Although we don't believe in timing the market or panicking over market movements, we do like to keep an eye on big changes -- just in case they're material to our investing thesis.
So what: Since a phase of bankruptcies and consolidations concluded just in the past few years, airlines have been able to maintain capacity and slowly raise prices by adding fees for everything from carry-on baggage to in-flight snacks. But the scarcity of airline seats that have helped push prices, and profits, higher might be forming cracks as carriers begin to compete for customers.
American Airlines CEO Doug Parker told CNBC yesterday that airlines are expanding capacity too quickly, and Southwest Airlines (NYSE:LUV) added to those worries by saying revenue per available seat mile will fall 3% in the second quarter. If capacity indeed grows more quickly than passengers are willing to take up, then we could see falling prices for airline tickets, and all carriers' margins would struggle.
Now what: Historically, airlines have been a terrible investment for just this reason.
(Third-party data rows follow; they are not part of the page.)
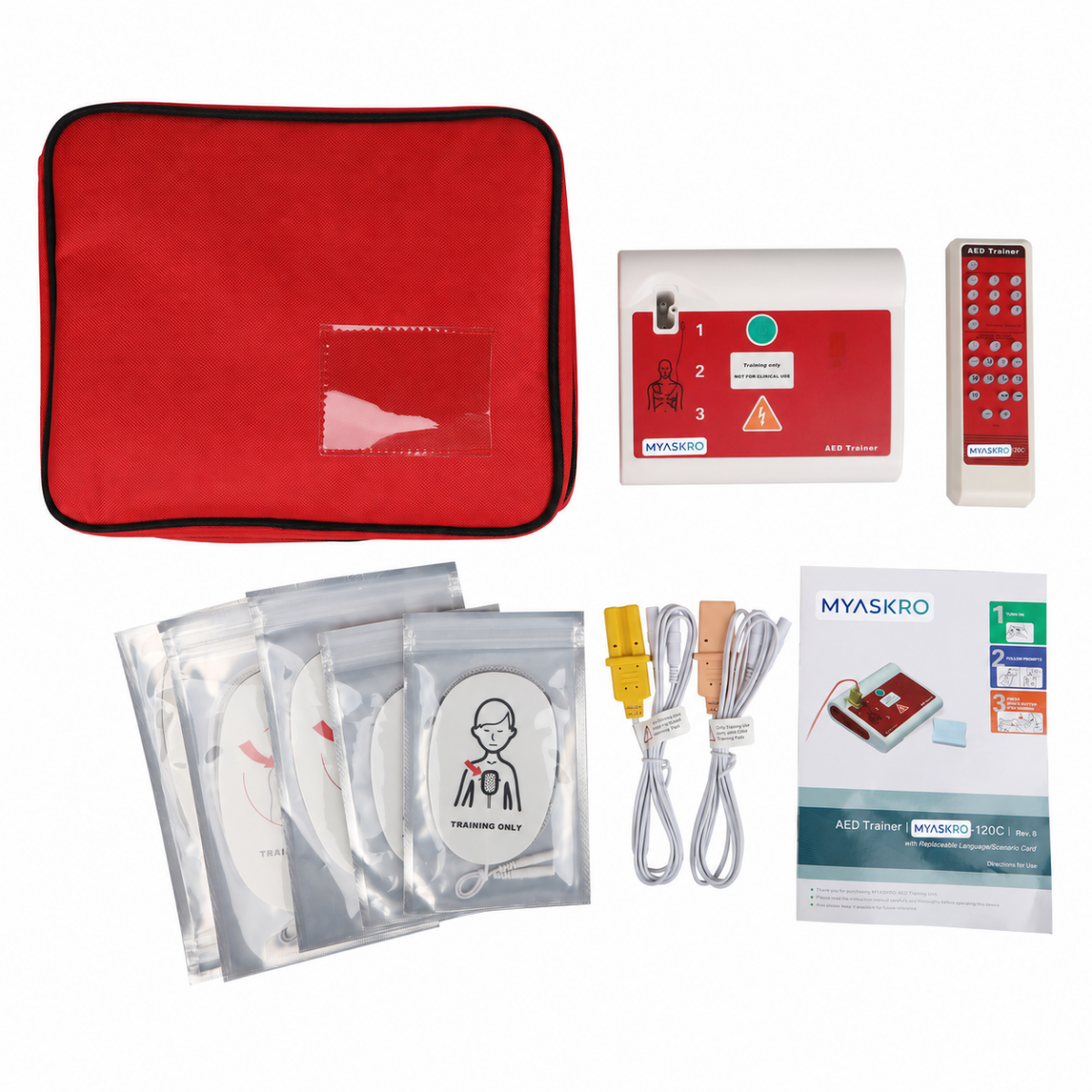 MYASKRO XFT-120C AED Trainer with Remote Control – Adult & Child Pads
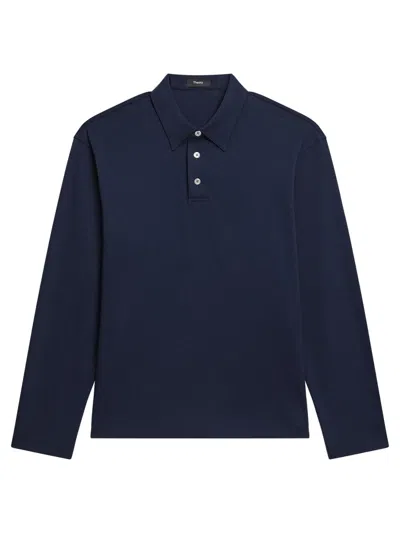 Theory Relaxed Long-sleeve Polo Shirt In Cotton Jersey In Blue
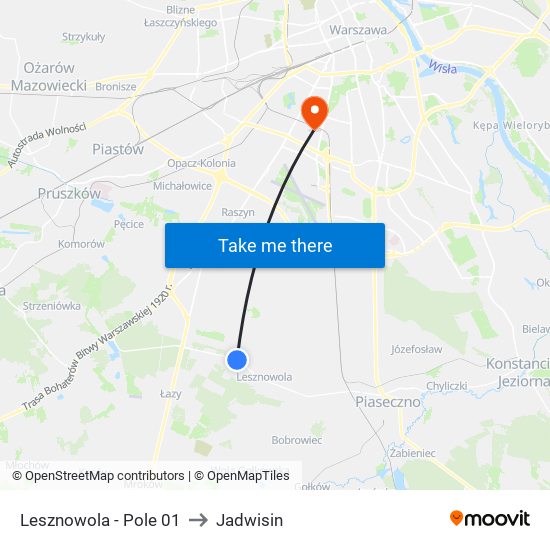 Lesznowola - Pole 01 to Jadwisin map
As soon as margins and profits grow to a comfortable level, either companies add capacity or new competitors enter the market. It was only a matter of time before the cycle happened again with airlines, and today's reaction is due to worries that we may be at a peak profit level for airlines.
I'm not one to panic over any single move, but I'll say that this is one reason I avoid airline stocks. They can be wildly successful when times are good, but the good times rarely last, and more often than I would like, the fall leads to bankruptcy, even for the biggest airline companies in the United States.